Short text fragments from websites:
--------------------

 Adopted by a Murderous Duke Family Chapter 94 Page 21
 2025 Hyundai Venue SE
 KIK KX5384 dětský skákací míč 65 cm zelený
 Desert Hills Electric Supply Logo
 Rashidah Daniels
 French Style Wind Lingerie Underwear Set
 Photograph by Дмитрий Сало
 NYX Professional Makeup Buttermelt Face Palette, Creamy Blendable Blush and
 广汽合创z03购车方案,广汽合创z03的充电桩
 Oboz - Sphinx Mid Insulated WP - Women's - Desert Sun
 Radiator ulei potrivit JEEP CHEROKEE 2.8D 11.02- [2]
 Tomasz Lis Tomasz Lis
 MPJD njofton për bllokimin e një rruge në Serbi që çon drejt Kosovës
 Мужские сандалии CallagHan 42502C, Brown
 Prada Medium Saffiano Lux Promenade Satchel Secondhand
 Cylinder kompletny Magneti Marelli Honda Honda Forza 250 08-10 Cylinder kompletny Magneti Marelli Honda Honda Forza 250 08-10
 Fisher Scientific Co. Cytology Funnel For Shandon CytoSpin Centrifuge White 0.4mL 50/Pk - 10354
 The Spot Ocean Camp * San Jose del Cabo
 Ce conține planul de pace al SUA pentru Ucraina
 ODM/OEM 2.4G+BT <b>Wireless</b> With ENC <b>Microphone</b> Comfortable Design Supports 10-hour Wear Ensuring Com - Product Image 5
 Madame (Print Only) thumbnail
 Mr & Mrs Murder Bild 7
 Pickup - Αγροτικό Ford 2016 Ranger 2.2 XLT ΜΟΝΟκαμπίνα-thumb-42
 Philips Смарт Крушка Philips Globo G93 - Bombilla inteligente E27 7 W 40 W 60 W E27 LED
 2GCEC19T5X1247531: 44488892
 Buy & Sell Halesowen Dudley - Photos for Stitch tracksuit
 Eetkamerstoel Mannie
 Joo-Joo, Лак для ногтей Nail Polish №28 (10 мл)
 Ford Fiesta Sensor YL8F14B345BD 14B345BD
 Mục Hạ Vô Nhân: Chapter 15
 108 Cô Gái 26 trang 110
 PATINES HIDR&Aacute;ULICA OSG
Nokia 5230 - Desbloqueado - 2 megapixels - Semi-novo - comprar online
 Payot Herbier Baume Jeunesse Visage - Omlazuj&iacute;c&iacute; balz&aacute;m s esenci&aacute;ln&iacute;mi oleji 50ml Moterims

--------------------

Exactly as written, repeat each line from the beginning of the data above to the line containing "2GCEC19T5X1247531: 44488892", inclusive.

 Adopted by a Murderous Duke Family Chapter 94 Page 21
 2025 Hyundai Venue SE
 KIK KX5384 dětský skákací míč 65 cm zelený
 Desert Hills Electric Supply Logo
 Rashidah Daniels
 French Style Wind Lingerie Underwear Set
 Photograph by Дмитрий Сало
 NYX Professional Makeup Buttermelt Face Palette, Creamy Blendable Blush and
 广汽合创z03购车方案,广汽合创z03的充电桩
 Oboz - Sphinx Mid Insulated WP - Women's - Desert Sun
 Radiator ulei potrivit JEEP CHEROKEE 2.8D 11.02- [2]
 Tomasz Lis Tomasz Lis
 MPJD njofton për bllokimin e një rruge në Serbi që çon drejt Kosovës
 Мужские сандалии CallagHan 42502C, Brown
 Prada Medium Saffiano Lux Promenade Satchel Secondhand
 Cylinder kompletny Magneti Marelli Honda Honda Forza 250 08-10 Cylinder kompletny Magneti Marelli Honda Honda Forza 250 08-10
 Fisher Scientific Co. Cytology Funnel For Shandon CytoSpin Centrifuge White 0.4mL 50/Pk - 10354
 The Spot Ocean Camp * San Jose del Cabo
 Ce conține planul de pace al SUA pentru Ucraina
 ODM/OEM 2.4G+BT <b>Wireless</b> With ENC <b>Microphone</b> Comfortable Design Supports 10-hour Wear Ensuring Com - Product Image 5
 Madame (Print Only) thumbnail
 Mr & Mrs Murder Bild 7
 Pickup - Αγροτικό Ford 2016 Ranger 2.2 XLT ΜΟΝΟκαμπίνα-thumb-42
 Philips Смарт Крушка Philips Globo G93 - Bombilla inteligente E27 7 W 40 W 60 W E27 LED
 2GCEC19T5X1247531: 44488892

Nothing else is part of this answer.